The ICA can look into complaints such as:

  • bias or discrimination
  • unfair treatment
  • poor or misleading advice
  • failure to provide relevant information
  • unreasonable delays
  • poor administration

The ICA will investigate whether or not the DVLA has handled your complaint appropriately, fairly and in a timely manner.

The ICA will review your case and contact you directly. They aim to review cases within 3 months.

Once the ICA has reviewed your complaint they will write to you explaining their findings and what they have decided.

If you still feel like your complaint remains unresolved you can look into having your complaint referred to the Parliamentary & Health Service Ombudsman.

Step 5

Parliamentary & Health Service Ombudsman

If after going through the DVLA complaints procedure and having your complaint reviewed by the ICA you still feel unhappy about the way the DVLA has handled your case and complaint you could have your complaint reviewed by the Parliamentary & Health Service Ombudsman.

By law, the Ombudsman can only look into complaints about Government departments if a member of parliament (MP) has referred the case to them.

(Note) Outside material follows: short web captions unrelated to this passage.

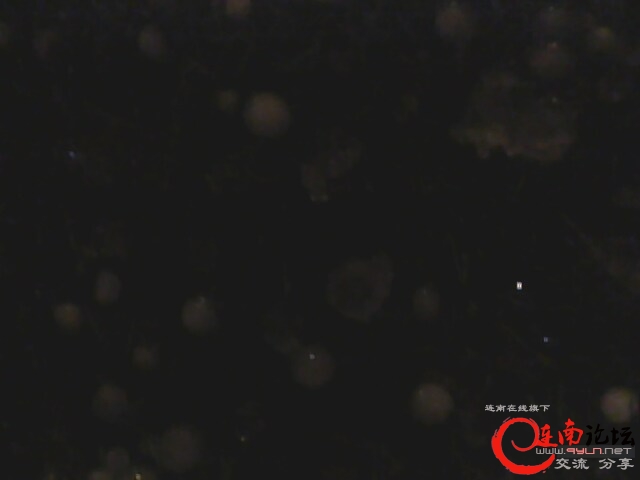 IMG0415A.jpg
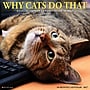 2027 Willow Creek Why Cats Do That 12" x 12" Monthly Wall Calendar, Assorted Colors (62982)~#|#~sp322367463_sc7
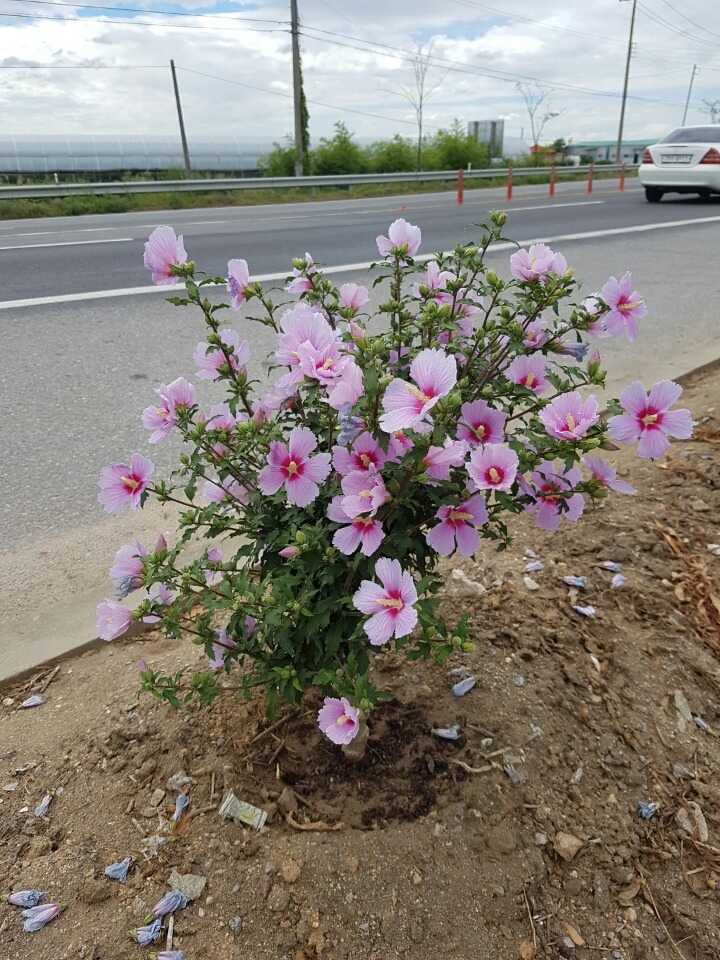 삼일주유소 이미지
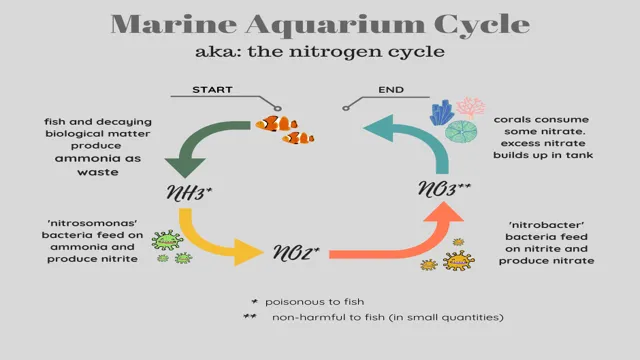 how to cycle your saltwater aquarium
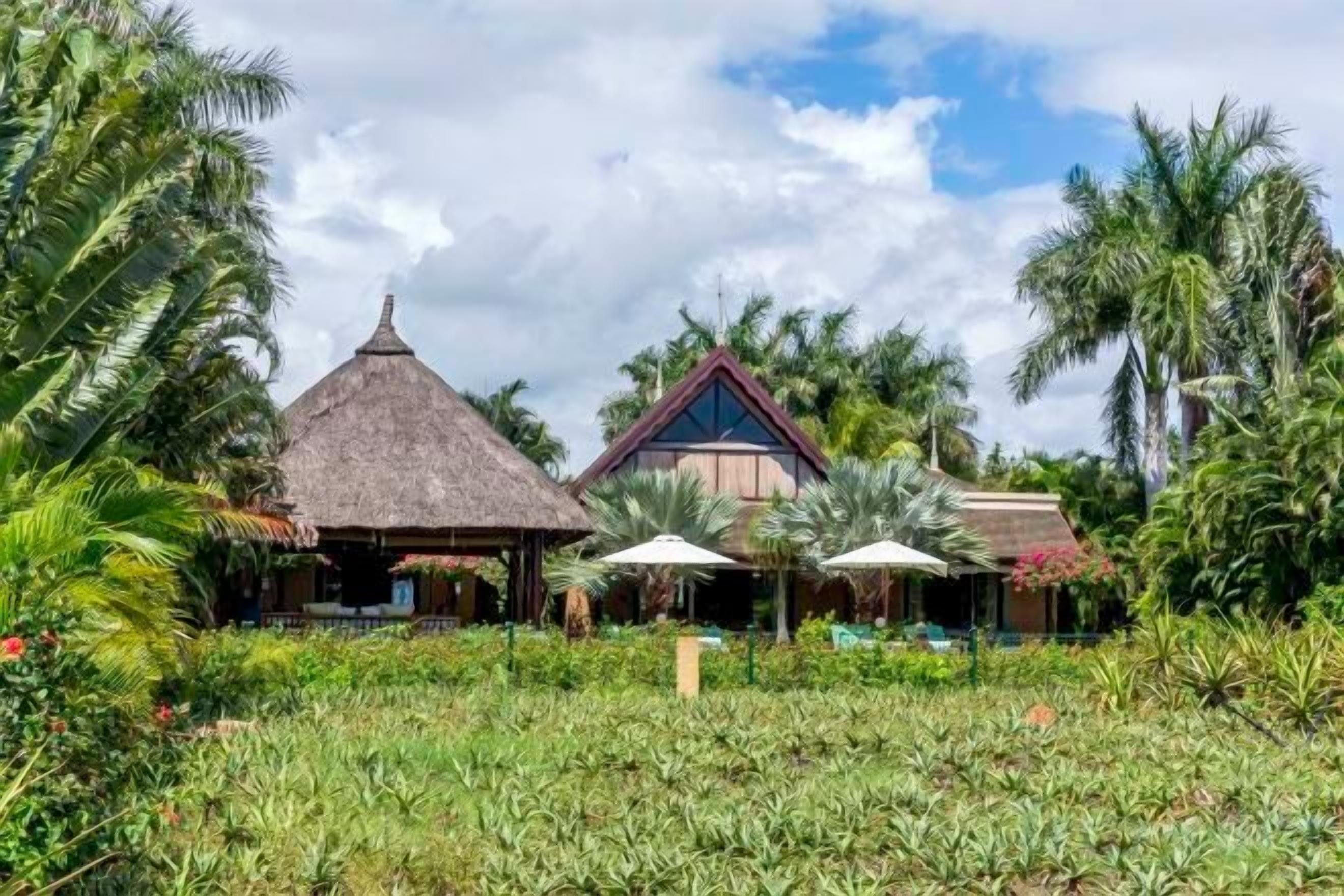 Um resort tropical com construções de telhado de palha, palmeiras e áreas de estar ao ar livre.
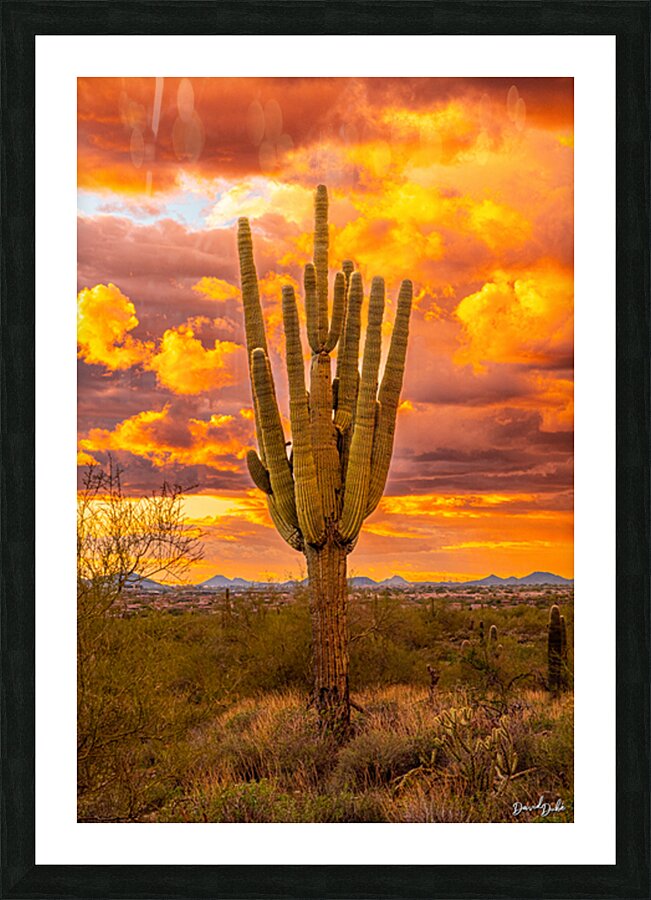 Fire & Brimstone  Picture Frame print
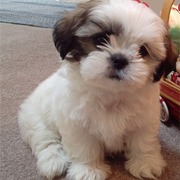 shih tzu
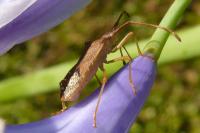 Gonocerus acuteangulatus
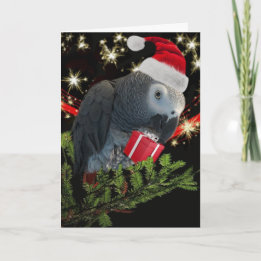 African Grey Parrot Holiday Card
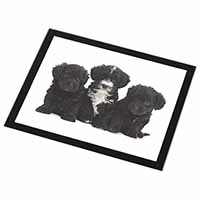 Yorkipoo Puppies Black Rim High Quality Glass Placemat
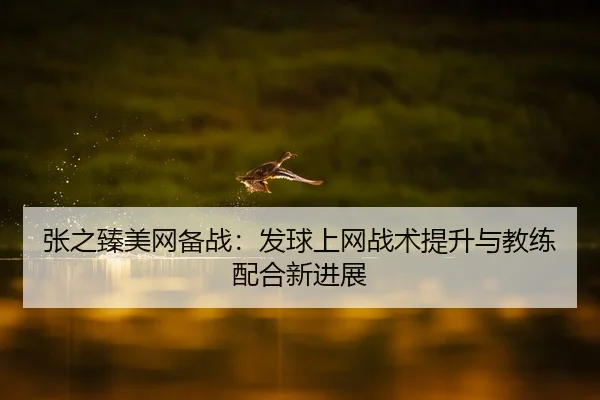 张之臻美网备战：发球上网战术提升与教练配合新进展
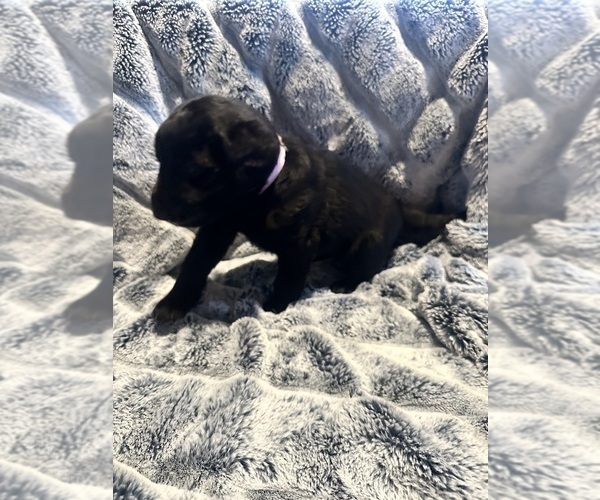 Medium Photo #39 Labradoodle Puppy For Sale in KIRKSVILLE, MO, USA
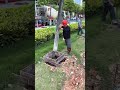 Concrete Tree Foundation Pouring – Urban Landscape Support Installation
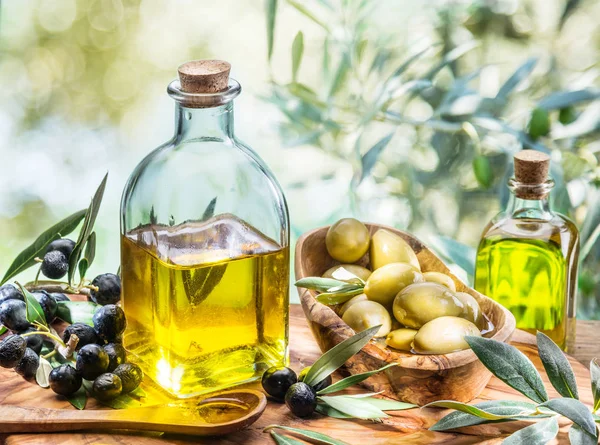 Olivový olej a bobule jsou na dřevěný stůl pod olivovníky tr — Stock fotografie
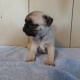 adorable-male-and-female-pure-breed-pug-puppies-pug-ahmadpur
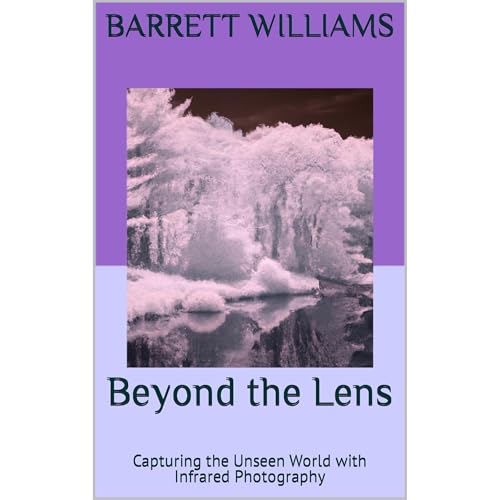 Beyond the Lens by Barrett Williams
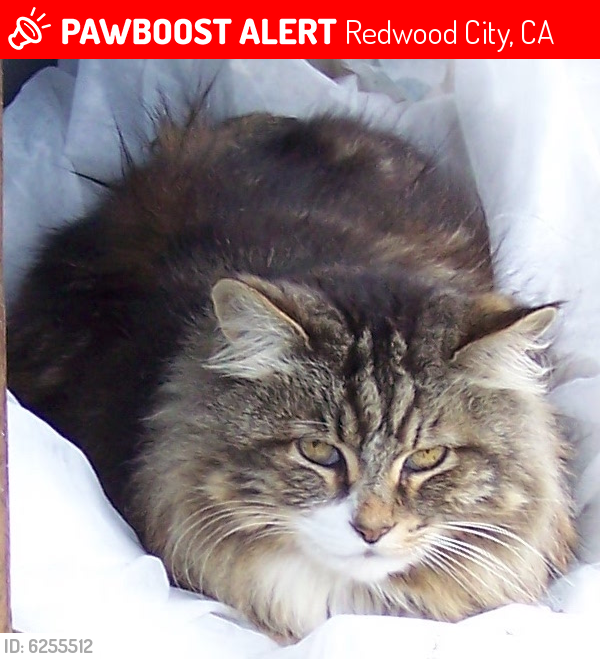 Lost Female Cat last seen Himmel & Rutherford, Redwood City, CA 94061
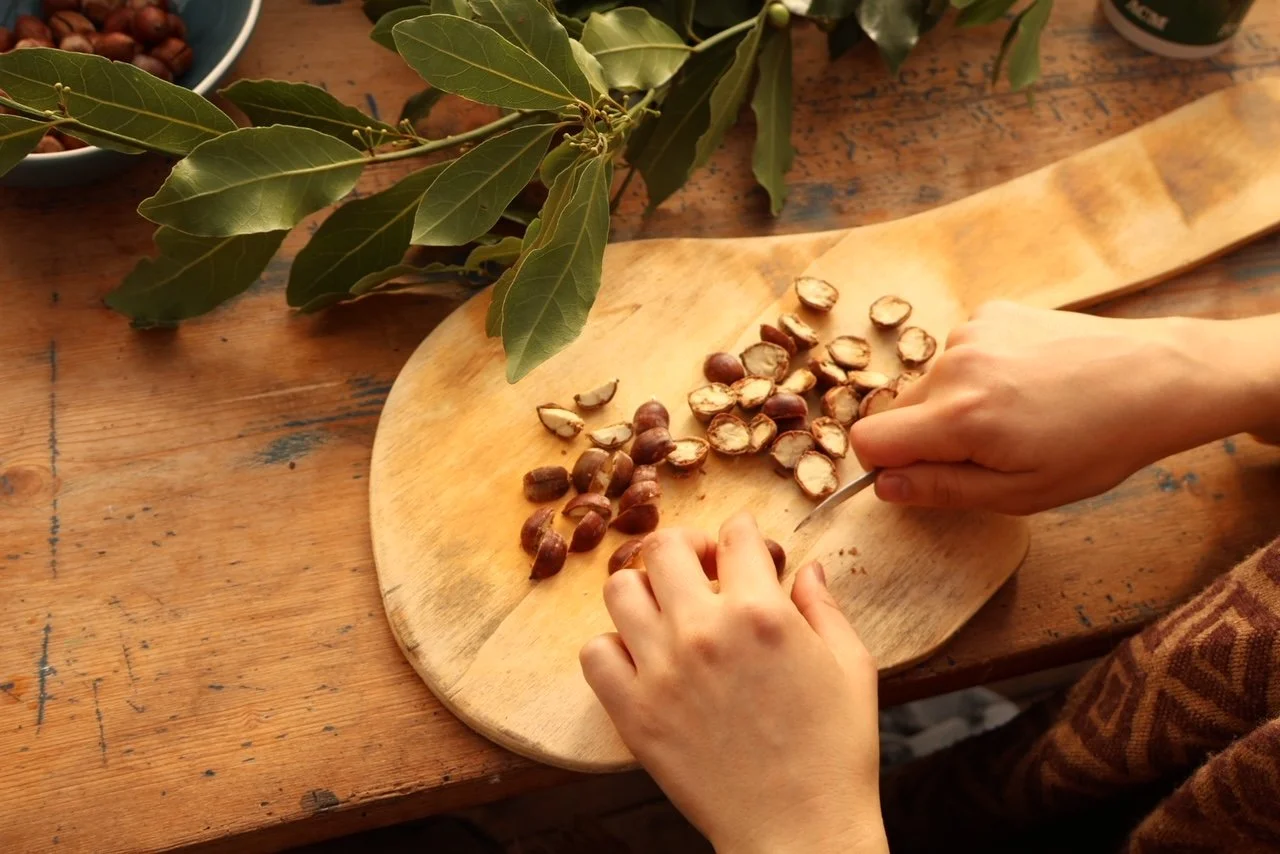 The Wild Biome Project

In order to have your complaint referred to the Ombudsman you will need to download the Ombudsman complaints form for UK government services.

Once you have completed this form you will need to find an MP who will sign it and then send it to the Ombudsman for review.

Find contact details for MP’s by constituency, postcode or MP name here.

www.ombudsman.org.uk

Appeal a DVLA decision in court

If you disagree with a decision made by the DVLA to withhold or revoke your driving licence you can lodge an appeal against the decision in court.

You must contact your local Magistrates court within 6 months or your local Sheriffs court within 21 days.

If you decide to lodge an appeal in court you are required to notify the DVLA in writing that you are appealing. You can notify them by sending a letter to the following address:

Driver and Vehicle Licensing Agency
Drivers Medical Group
Swansea
SA99 1DF

You may want to obtain legal advice to help you appeal a DVLA decision in court.